Have you ever used VLOOKUP to bring a column from one table into another table? Now that Excel 2013 has a built-in Data Model, VLOOKUP is obsolete. You can create a relationship between two tables of data, based on matching data in each table. Then you can create Power View sheets and build PivotTables and other reports with fields from each table, even when the tables are from different sources. For example, if you have customer sales data, you might want to import and relate time intelligence data to analyze sales patterns by year and month.
All the tables in a workbook are listed in the PivotTable and Power View Fields lists.
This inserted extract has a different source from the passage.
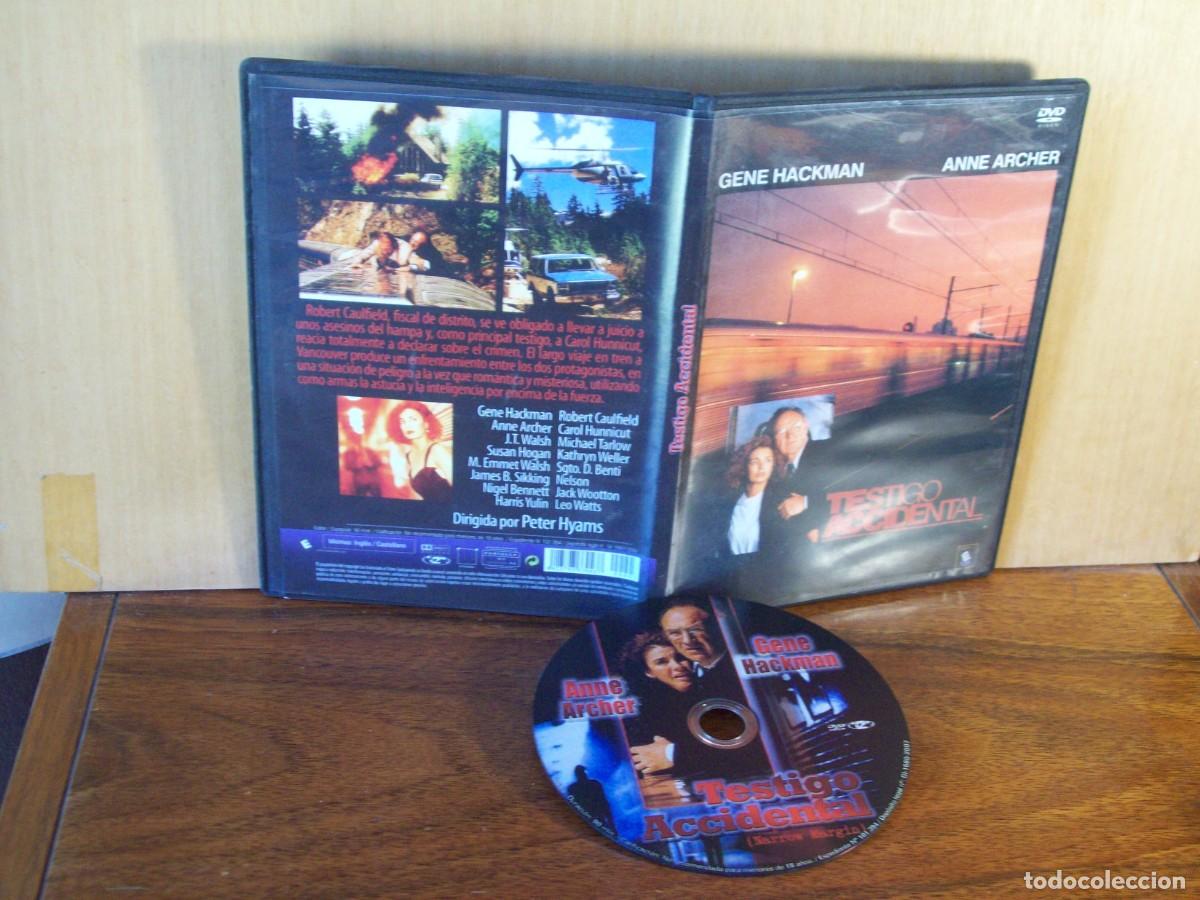 Cine: TESTIGO ACCIDENTAL - GENE HACKMAN - ANNE ARCHER - DVD CAJA FINA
When you import related tables from a relational database, Excel can often create those relationships in the Data Model it’s building behind the scenes. For all other cases, you’ll need to create relationships manually.
- Make sure the workbook contains at least two tables, and that each table has a column that can be mapped to a column in another table.
- Format the data as a table, or
Import external data as a table in a new worksheet.
- Give each table a meaningful name: In Table Tools, click Design > Table Name > enter a name.
- Verify the column in one of the tables has unique data values with no duplicates. Excel can only create the relationship if one column contains unique values.
For example, to relate customer sales with time intelligence, both tables must include dates in the same format (for example, 1/1/2012), and at least one table (time intelligence) lists each date just once within the column.
- Click Data > Relationships.
If Relationships is grayed out, your workbook contains only one table.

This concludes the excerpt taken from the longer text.